Task requirements –
All lines from the one containing "Caves of Combat screenshot" through the end of the material below are to be printed exactly, both ends included, minus pictures.

Stored data –

* * * *

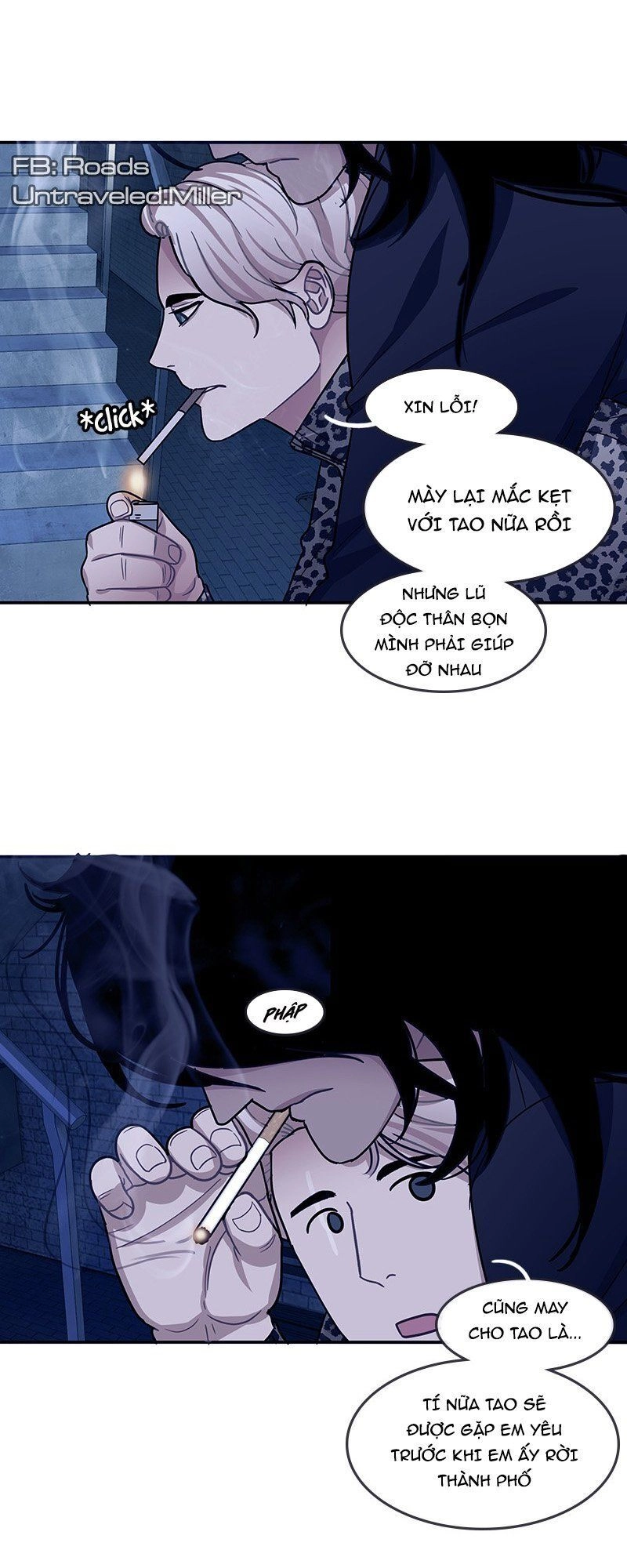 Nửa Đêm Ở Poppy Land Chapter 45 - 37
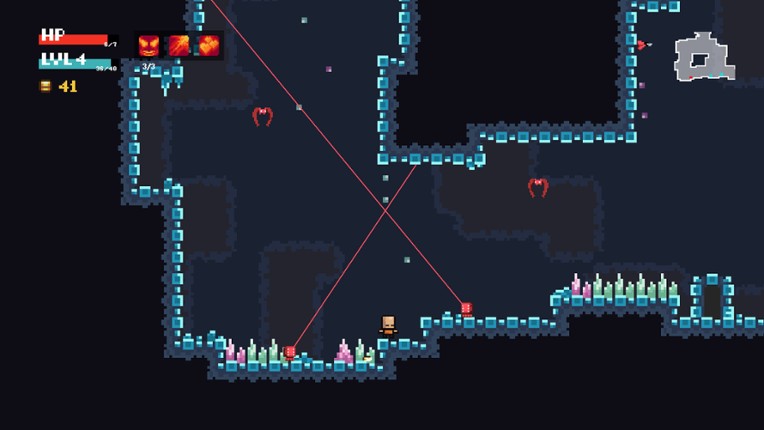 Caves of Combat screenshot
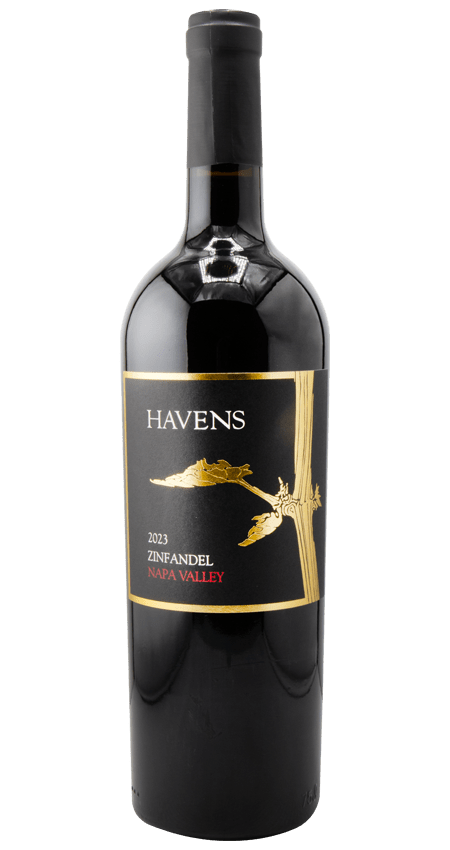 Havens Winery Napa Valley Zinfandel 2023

* * * *

Output –
 Caves of Combat screenshot
 Havens Winery Napa Valley Zinfandel 2023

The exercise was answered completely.